■ Activity
Using the data below, transcribe exactly everything from the line that contains "AVENUE OF THE ARTS - Residential" down to the line that contains "Картинка Платье миди". Include both of those lines and none of the pictures.

■ The data

::::

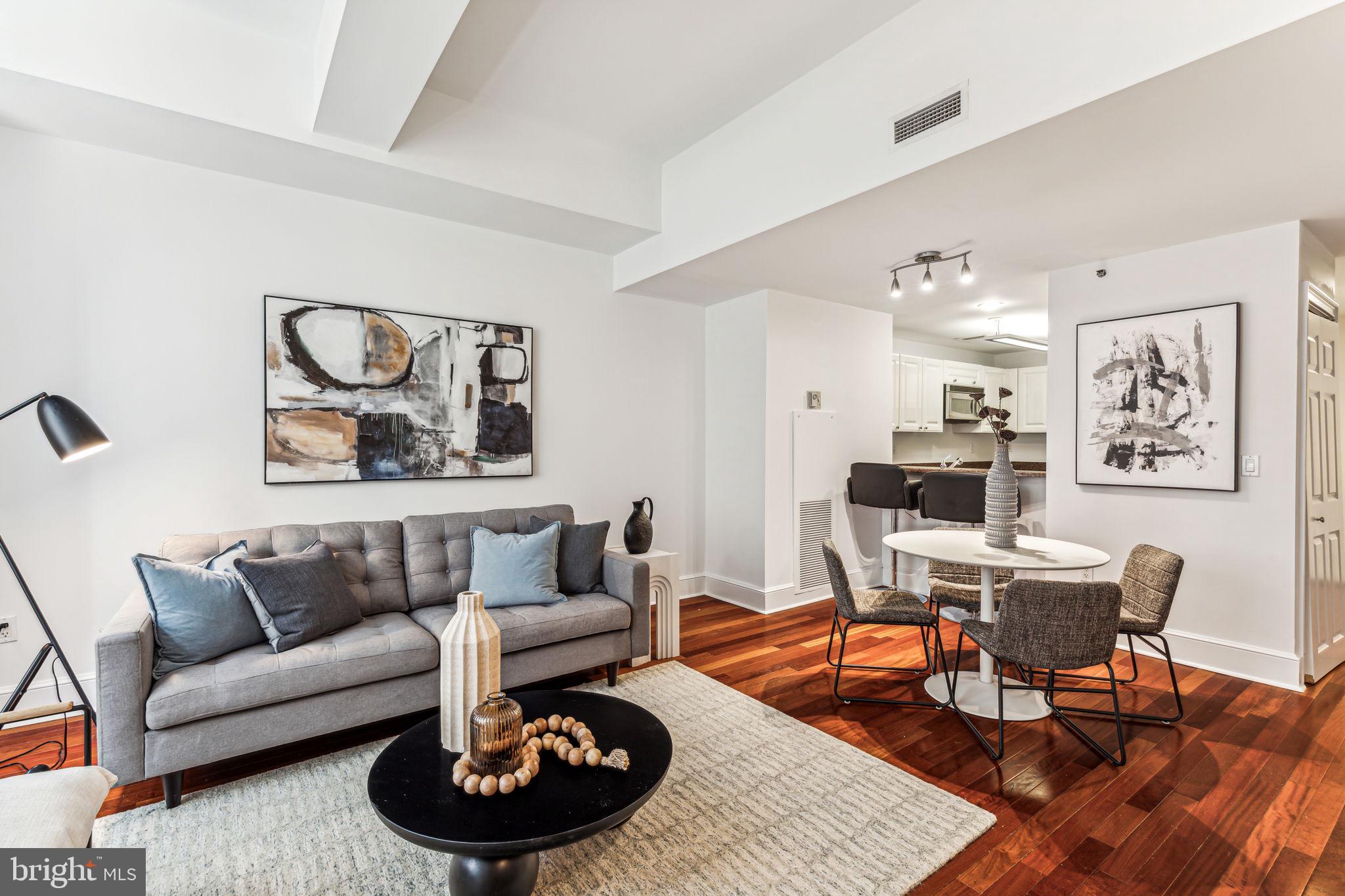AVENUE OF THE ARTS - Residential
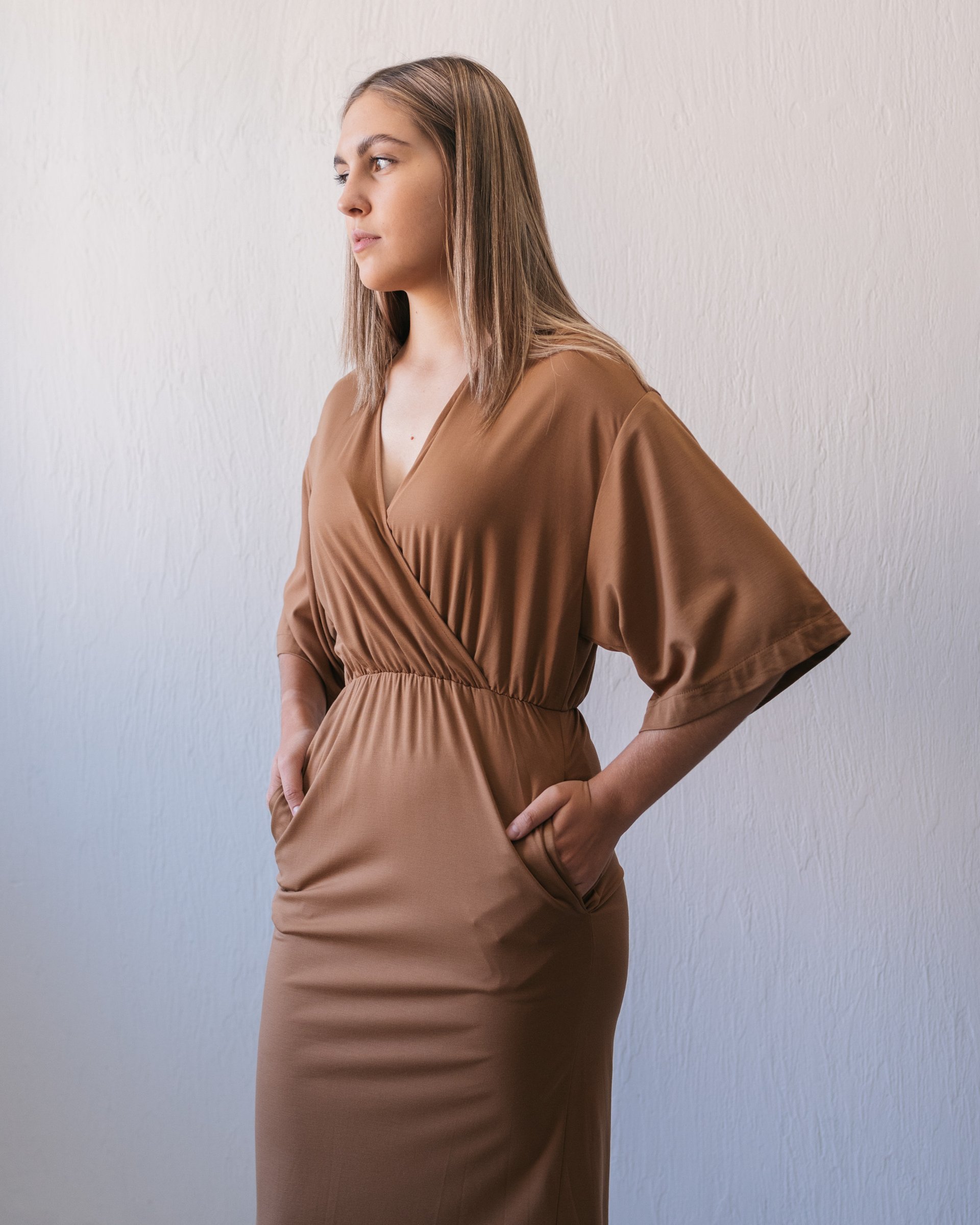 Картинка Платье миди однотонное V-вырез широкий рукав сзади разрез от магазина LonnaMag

::::

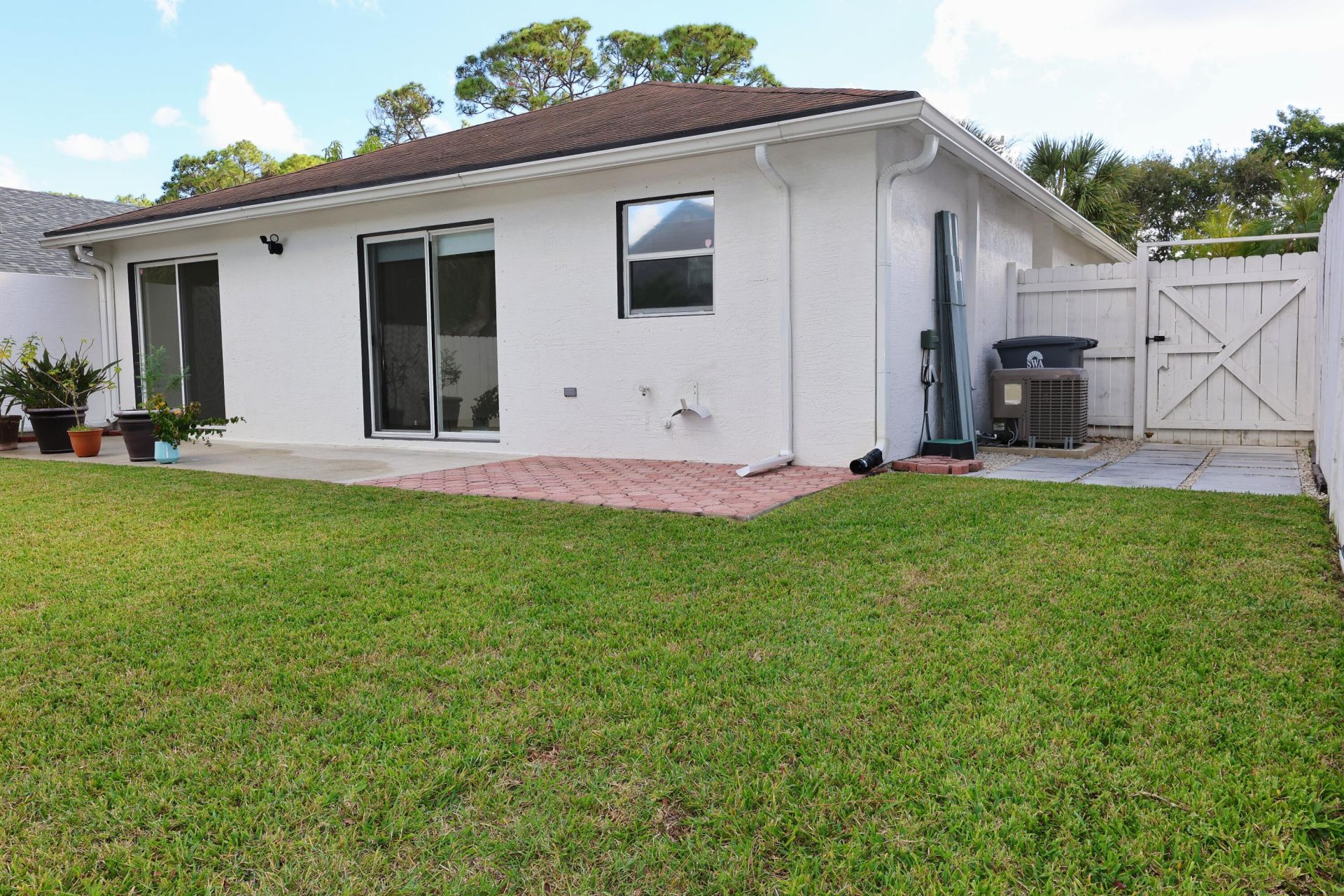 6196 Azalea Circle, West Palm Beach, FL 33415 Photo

::::

■ Response
AVENUE OF THE ARTS - Residential
 Картинка Платье миди однотонное V-вырез широкий рукав сзади разрез от магазина LonnaMag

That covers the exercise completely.